Denotational semantics views a program as a (partial) function built
up by the composition of many smaller functions. By expressing our
expressions, assignments, conditionals and loops as smaller functions
we can compose them to determine the semantics of the whole
program. The operator $\semantics{\cdot}$ represents the semantics of
its argument as a mathematical function.

In imperative languages programs are not a series of functional
transformations, however, each statement or expression may have
side-effects, so it is necessary to introduce some notion of ``state''
into our semantics. By defining $\semantics{\cdot}: \states \to
\states$ for all statements $x$ we provide a mechanism for statements
to perform side effects.
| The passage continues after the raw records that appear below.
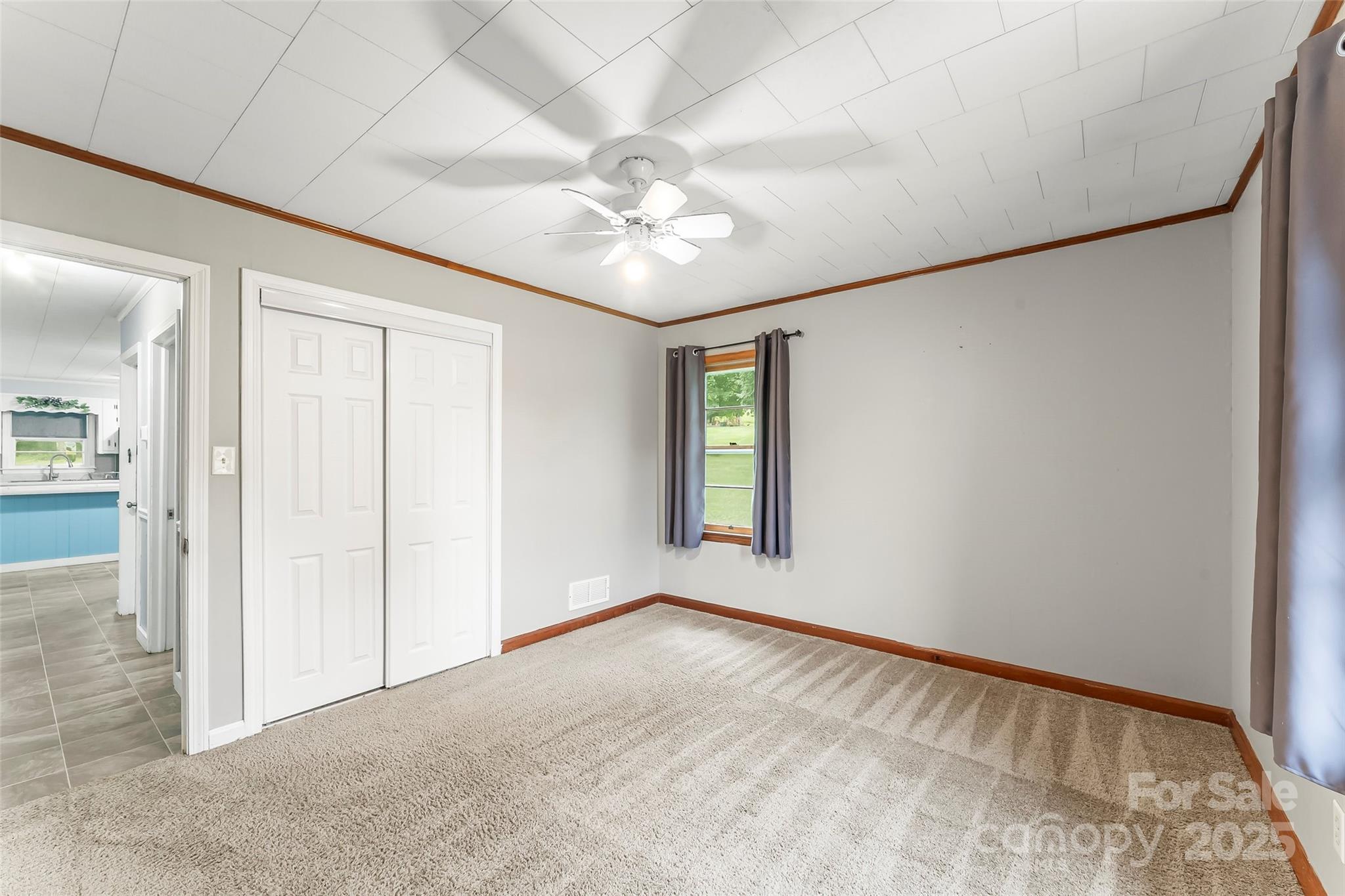 2777 Pax Hill Road Morganton, NC 28655 - Photo 12 of 33 an empty room with fan and windows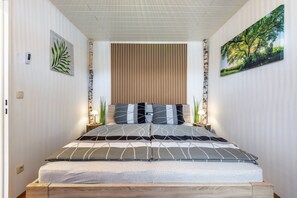 A bedroom with a bed, a wooden headboard, a wall-mounted plant, and a framed picture. - Holiday Apartment 'Fewo mit Terrasse - Dogs Welcome' with Mountain View, Terrace and Wi-Fi (Falkenstein)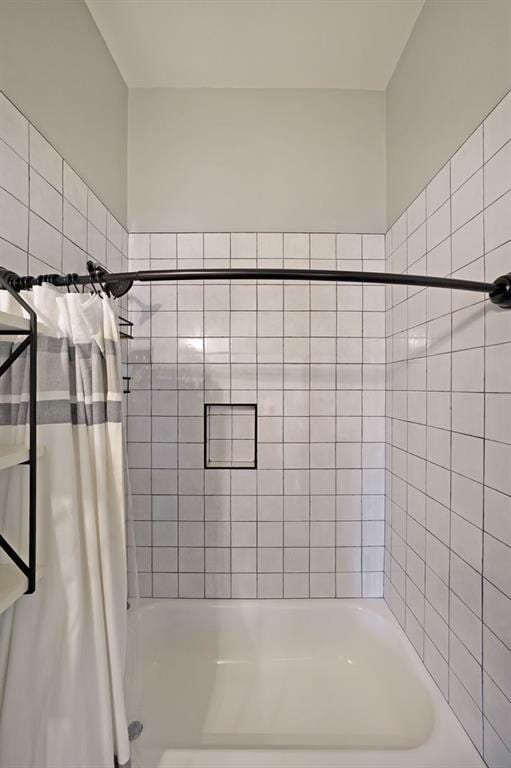 bathroom with shower / bath combination with curtain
Elements of $\states$ each represent a
possible state for the program to be in. For example: for an integral
assignment statement $I := E$, assigning the value of an expression
$E$ to a variable $I$, we have the following denotation:
\begin{align*}
  \semantics{I := E} = \lambda \rho . (\rho \oplus \{I \mapsto \semantics{E}(\rho)\})
\end{align*}
where $\rho \in \states$ and $\semantics{E}: \states \to \Z$. Our
$\states$ in this case are functions $\rho: \Vars \to \D$ from
variables to values.

Denotational semantics provide a formal abstract framework for us to
analyse programs mathematically, but they do not provide a meaningful
way to perform automated analysis of programs. As they perfectly
capture the semantics of a program they do not avoid the consequences
of Rice's Theorem \cite{Rice} or the Halting Problem \cite{Halting}
which preclude us from performing precise analysis of programs in
general.

\section{Abstract Interpretation} \label{sec:abstract-interpretation}

In order to work around the limitations on precise static analysis in
general, Cousot et al.~ developed a framework for performing sound
program analysis called ``abstract
interpretation'' \cite{CousotCousot77-1}. In this framework we consider
a program's semantics under an abstraction. The original semantics we
call ``concrete semantics'' and the abstracted semantics we call
``abstract semantics''. The abstract semantics consist of replacing
$\D$ and $\state$ from the denotational semantics with ``abstracted''
structures.

To provide us with some intuition of these concepts, consider the
following example:

\begin{example}
  Let us assume that our program's state is represented by $\rho:
  \Vars \to \Z$, with values coming from $\Z$.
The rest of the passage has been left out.